30 мая. Служил раннюю литургию в пещерном храме преп. Феодосия; после общего молебна и панихиды заходил, по приглашению, к иеромонаху дальних пещер, за которого пришлось служить. Келья у него очень небольшая, но уютная; все здесь говорит за молитвенный подвиг, и сам обитатель очень искренний, радушный человек. Господь да поможет ему восходить от силы в силу в подвигах духовных! – В лаврской гостинице на возвратном пути совершенно случайно натолкнулся на сцену, которая растревожила было мирное настроение духа. В конторе коренастый пожилой мужчина из крестьян настойчиво просил сидевшего здесь иеромонаха (уполномоченного Палестинского Общества) взять у него назад паломническую книжку и возвратить деньги, уплаченные за нее; но тот отказывался. Книжку эту, оказывается, всего дня за три пред этим крестьянин купил у этого о. уполномоченного, собравшись ехать в Палестину, но, наслушавшись от кого-то рассказов о неблагополучии на Востоке, передумал и теперь вот, положив книжку на конторку, он с раздражением требовал возврата денег, приговаривая: «умирать туда я не поеду», или «за смертью что ли поеду туда?» Напрасно о. уполномоченный старался разубедить и успокоить расходившегося паломника, доказывая, что ничего опасного нет в Палестине – нет там никакой смерти, а что денег возвратить ему он не может, так как еще с вечера отослал их в Палестинское Общество в Питер, и что теперь оттуда только и может он (крестьянин) получить свои деньги обратно. Крестьянин, однако, знать ничего не хотел и упорно стоял на своем. Чем это окончилось у них, я не знаю. Беспокойство крестьянина передалось, однако, и мне – я живо припомнил вчерашние речи о. протоиерея, а потому, остановившись, попросил о. уполномоченного сказать откровенно, насколько опасно в данное время ехать в Палестину. Тот не совсем благосклонно посмотрел на меня и сказал то же, что и крестьянину, т. е. что опасности нет ровно никакой. «Как скоро, – сказал он, – появляется серьезная опасность на Востоке, Палестинское Общество телеграммой немедленно извещает всех своих уполномоченных, чтобы они прекратили выдачу паломнических книжек; но такого извещения нет, и мы свободно продаем книжки». И чтобы еще больше подействовать на меня, он сослался на двух только что вернувшихся из Палестины паломниц, которые остановились у них в гостинице.

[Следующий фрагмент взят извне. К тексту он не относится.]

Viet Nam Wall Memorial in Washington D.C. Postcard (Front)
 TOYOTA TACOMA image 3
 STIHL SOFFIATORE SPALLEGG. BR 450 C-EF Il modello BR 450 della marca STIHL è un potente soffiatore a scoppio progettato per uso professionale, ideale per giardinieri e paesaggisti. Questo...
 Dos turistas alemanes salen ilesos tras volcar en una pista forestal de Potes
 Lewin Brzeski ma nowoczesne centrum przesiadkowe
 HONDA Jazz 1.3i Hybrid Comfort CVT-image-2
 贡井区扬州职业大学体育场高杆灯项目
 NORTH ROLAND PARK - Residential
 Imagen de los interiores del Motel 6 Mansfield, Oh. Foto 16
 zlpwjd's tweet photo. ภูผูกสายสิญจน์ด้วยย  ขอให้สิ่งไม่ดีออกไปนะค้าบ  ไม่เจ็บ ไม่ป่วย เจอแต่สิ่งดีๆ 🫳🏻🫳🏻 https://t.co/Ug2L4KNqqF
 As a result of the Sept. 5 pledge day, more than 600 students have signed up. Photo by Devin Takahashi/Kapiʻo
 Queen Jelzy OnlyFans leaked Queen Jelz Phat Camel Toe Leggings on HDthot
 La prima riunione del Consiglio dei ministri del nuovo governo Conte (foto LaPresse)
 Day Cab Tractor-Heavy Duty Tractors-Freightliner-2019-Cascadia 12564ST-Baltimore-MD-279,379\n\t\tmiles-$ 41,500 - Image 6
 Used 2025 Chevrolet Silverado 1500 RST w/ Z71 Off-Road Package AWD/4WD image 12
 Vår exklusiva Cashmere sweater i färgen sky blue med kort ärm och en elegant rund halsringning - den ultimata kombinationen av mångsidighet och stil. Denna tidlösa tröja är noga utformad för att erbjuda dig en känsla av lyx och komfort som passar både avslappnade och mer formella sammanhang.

Я немедленно пошел в указанный номер и здесь узнал то, что окончательно рассеяло мои страхи и опасения. Паломницы радостно сообщили, что совершили путь туда и обратно очень благополучно. Правда, в Пирее им не позволили остановиться, а около Смирны их пароход подвергался десятидневному карантину, но ни заболеваний, ни тем более смерти не было ни одного случая. При этом добавляли, что по разговорам в Одессе, для следующих за ними паломников карантина уже не будет совсем, так как пароходы русские, отходящие из Яффы, не будут уже заходить в Александрию. Я совсем ожил духом. Немедленно взял у о. уполномоченного лаврского за 106 руб. «смешанную» паломническую книжку и, несмотря на дождливую погоду, отправился на вокзал, откуда в 7 часов вечера и выехал в Одессу. В вагоне было крайне неудобно и тесно; большинство пассажиров были евреи с присущим им неприятным специфическим запахом; но я чувствовал себя прекрасно и мысленно благодарил Господа, что Он дает мне возможность быть в Святой Земле.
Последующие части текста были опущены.